Work item — Repeat, word for word and with nothing added, each line from the one containing "3CZRU6H50HM705141 Honda HR-V EX" to the final line of the data, keeping both ends. Pictures are not part of the copy.

Extracted material —
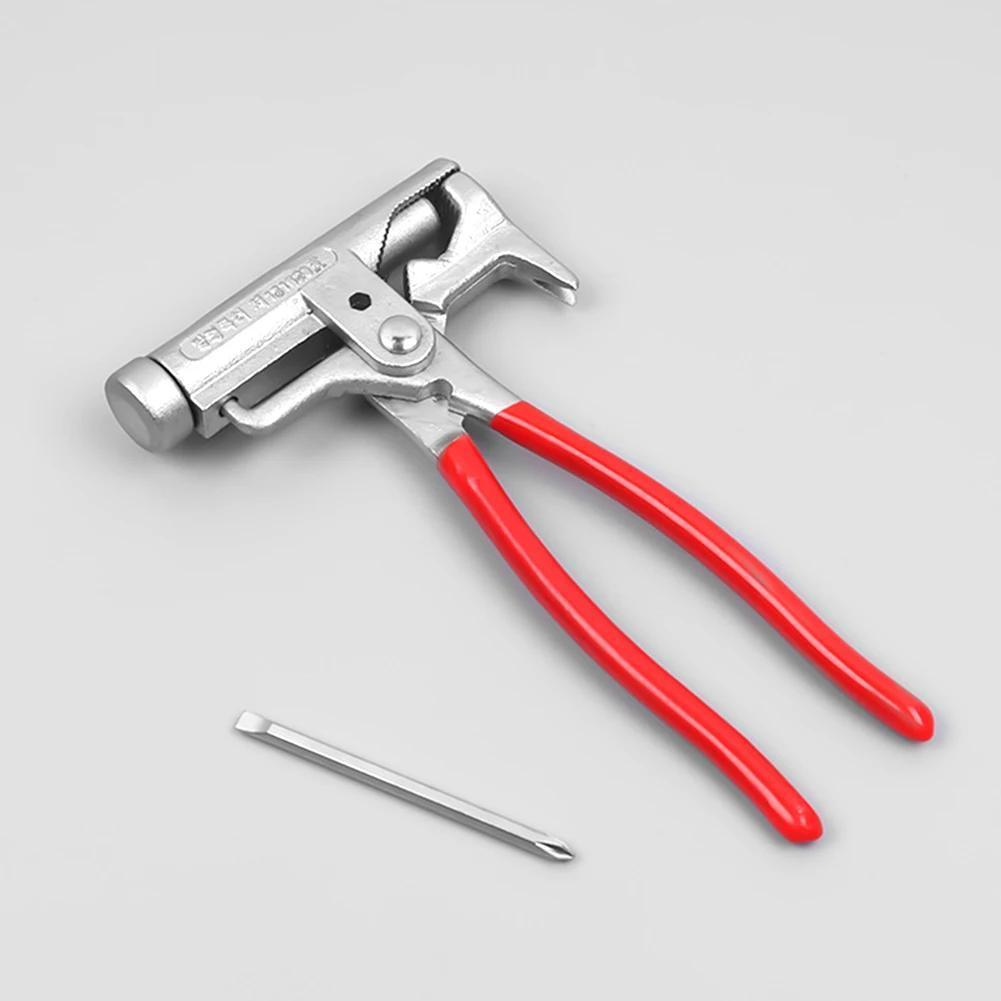Multifunctional Screwdriver Hammer Pipe Wrench Pliers Nail Gun Steel Nail Universal Woodworking Hammer Woodworking Fitter бежевий
Multifunctional Screwdriver Hammer Pipe Wrench Pliers Nail Gun Steel Nail Universal Woodworking Hammer Woodworking Fitter бежевий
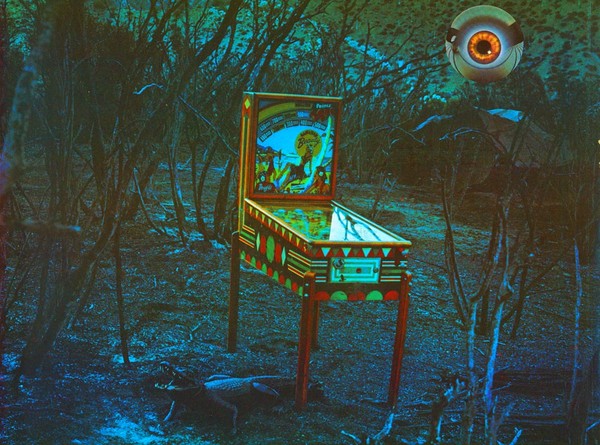 Pinball Depression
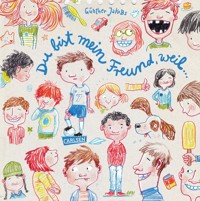 Du bist mein Freund, weil... - Günther Jakobs - E-Book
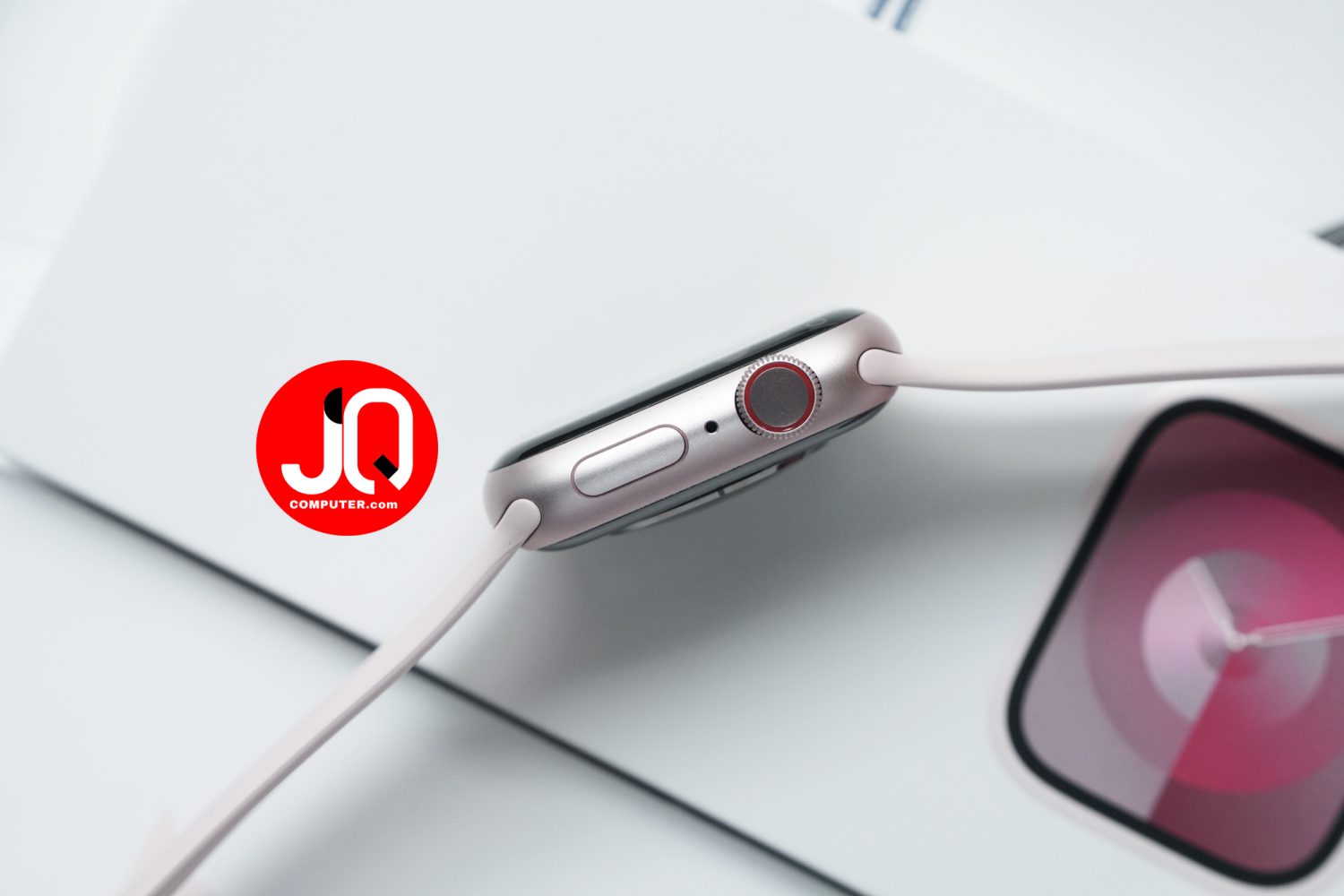 Apple Watch 9, 41 MM, Cellular - Image 3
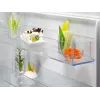 Einbaukühlschrank Electrolux LNT6NE18S – 257 L, Touch-Bedienung, Gefrierfach unten, No Frost, Weiß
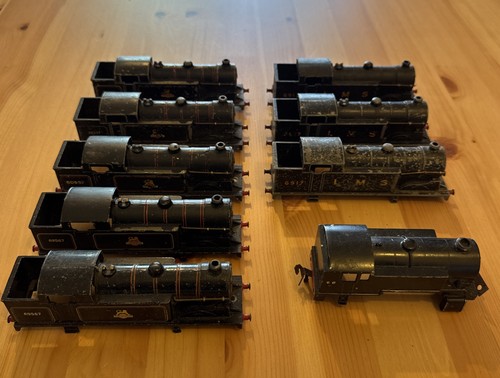 Hornby dublo 69567 - 69567, lms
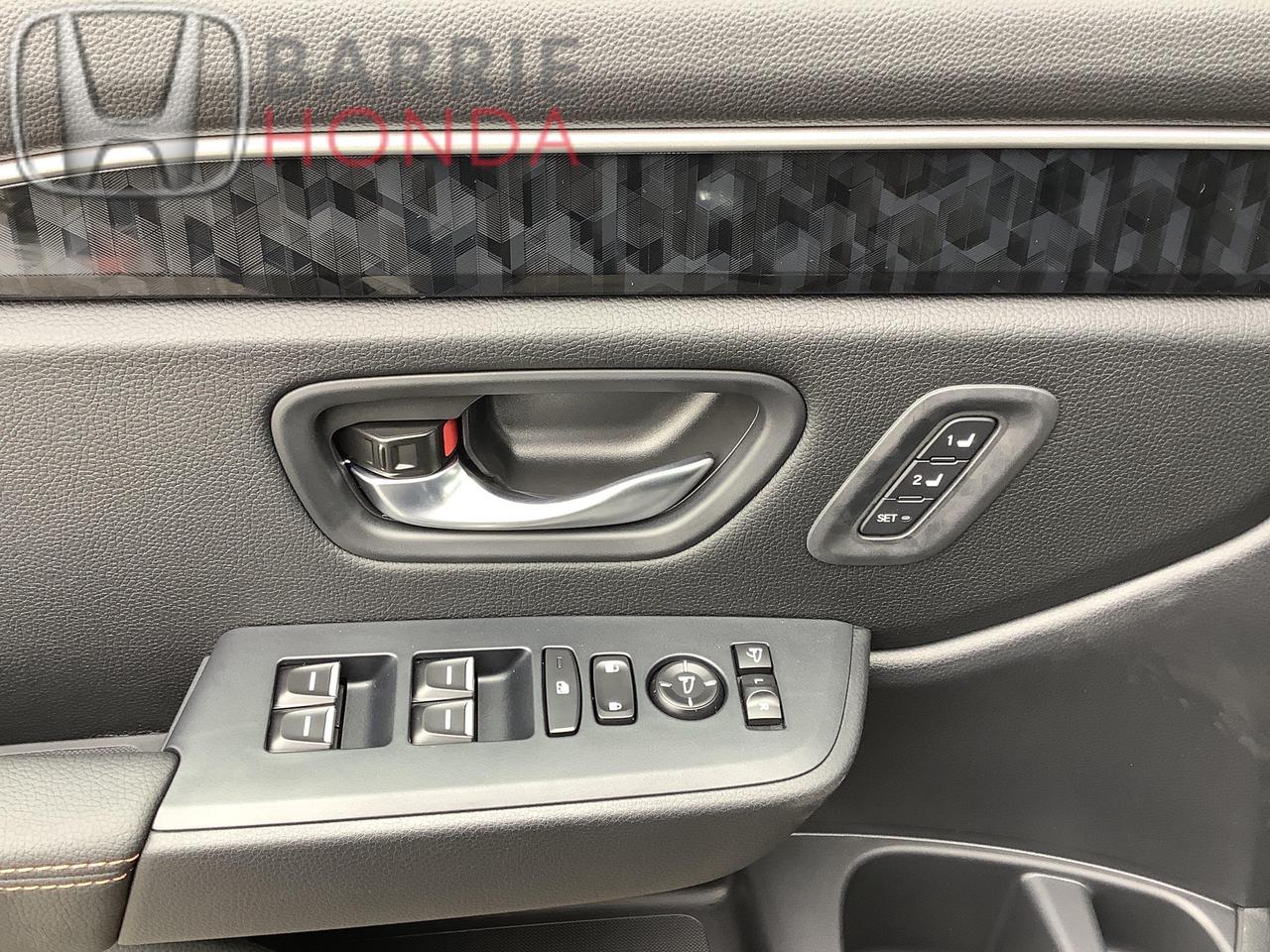 2026 Honda Passport TrailSport Touring Blackout 4dr All-Wheel Drive Photo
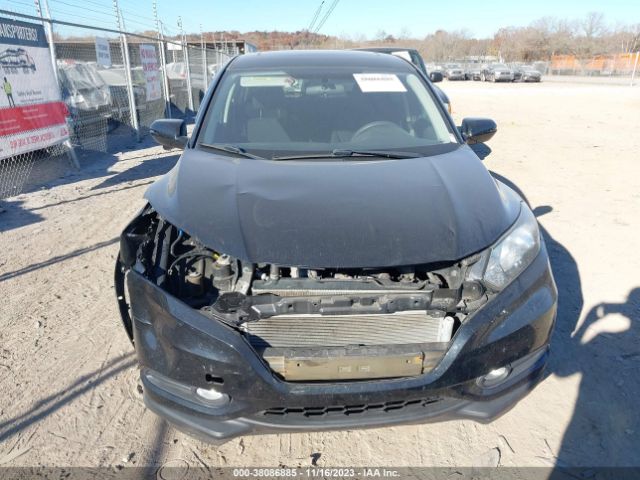 3CZRU6H50HM705141 Honda HR-V EX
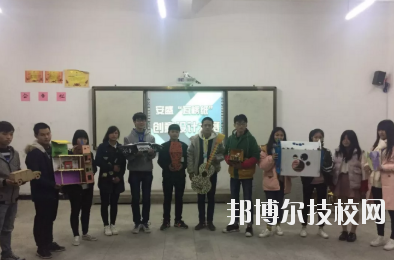 贛州工業(yè)職業(yè)中等專業(yè)學(xué)校怎么樣、好不好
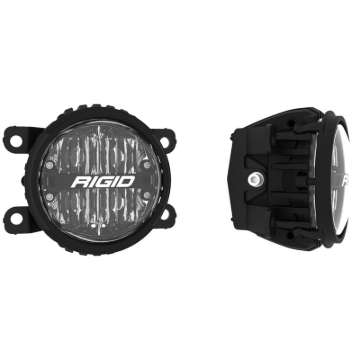 Picture of Rigid Industries 21+ Ford Bronco(Excl. 1st Edition) 360-Series PRO SAE Fog Light Kit - White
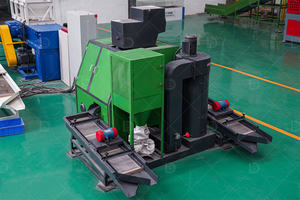 Macchina per il Riciclaggio e la Triturazione di Cavi in Rame e Metalli di Scarto - Product Image 5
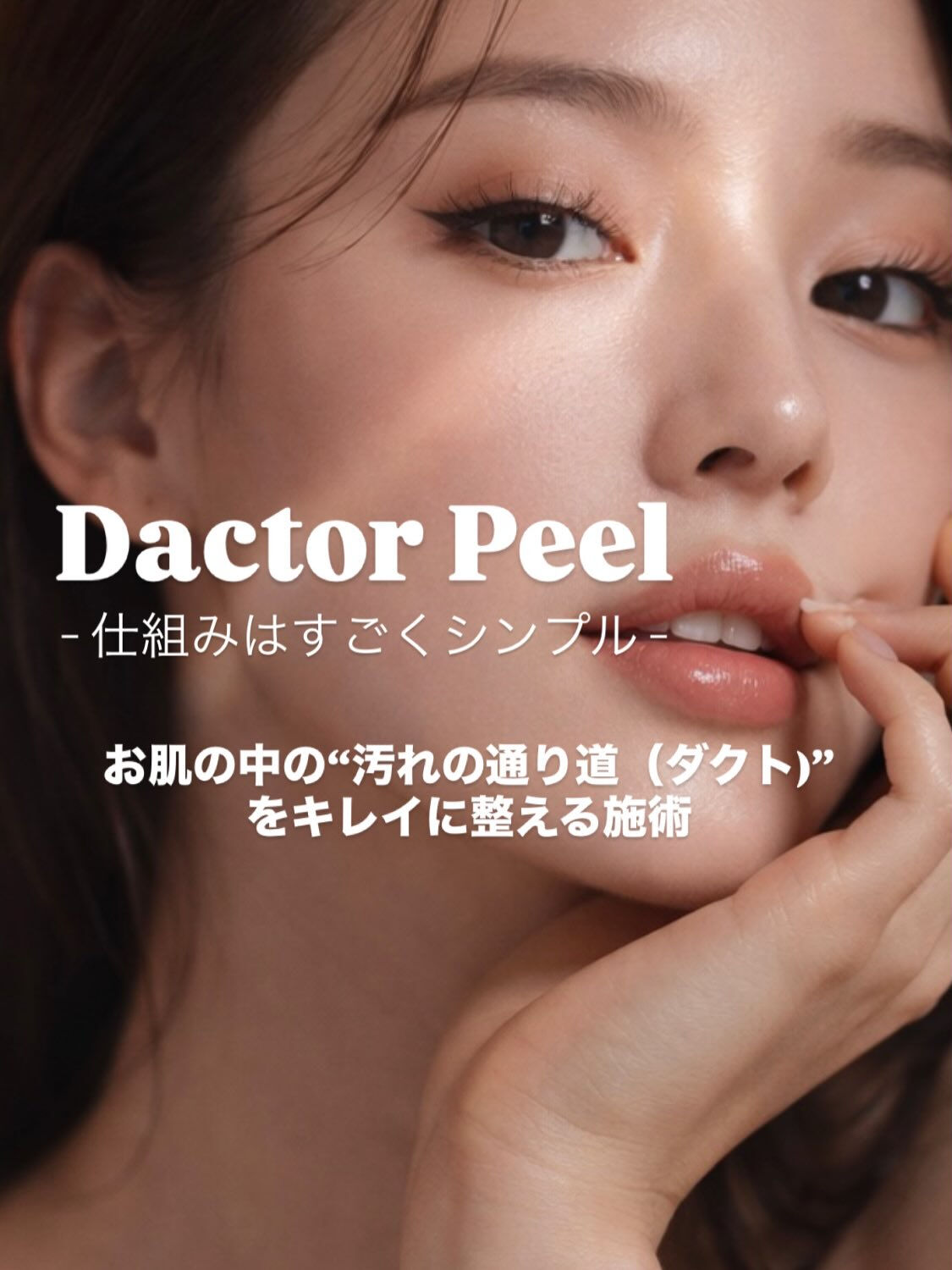 肌質改善 | Dactor Peel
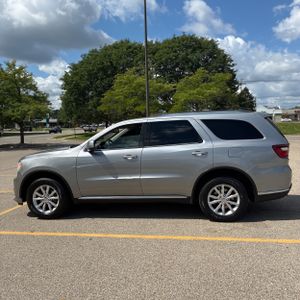 2015 Dodge DURANGO SXT 照片 3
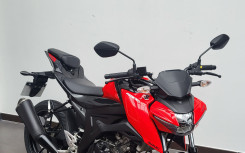 SUZUKI GSX-S 125 ABS REVISE ET GARANTIE 12 MOIS 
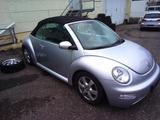 Volkswagen Beetle cabrio - Volkswagen Beetle in Stuttgart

Written solution —
 3CZRU6H50HM705141 Honda HR-V EX
 贛州工業(yè)職業(yè)中等專業(yè)學(xué)校怎么樣、好不好
 Picture of Rigid Industries 21+ Ford Bronco(Excl. 1st Edition) 360-Series PRO SAE Fog Light Kit - White
 Macchina per il Riciclaggio e la Triturazione di Cavi in Rame e Metalli di Scarto - Product Image 5
 肌質改善 | Dactor Peel
 2015 Dodge DURANGO SXT 照片 3
 SUZUKI GSX-S 125 ABS REVISE ET GARANTIE 12 MOIS 
 Volkswagen Beetle cabrio - Volkswagen Beetle in Stuttgart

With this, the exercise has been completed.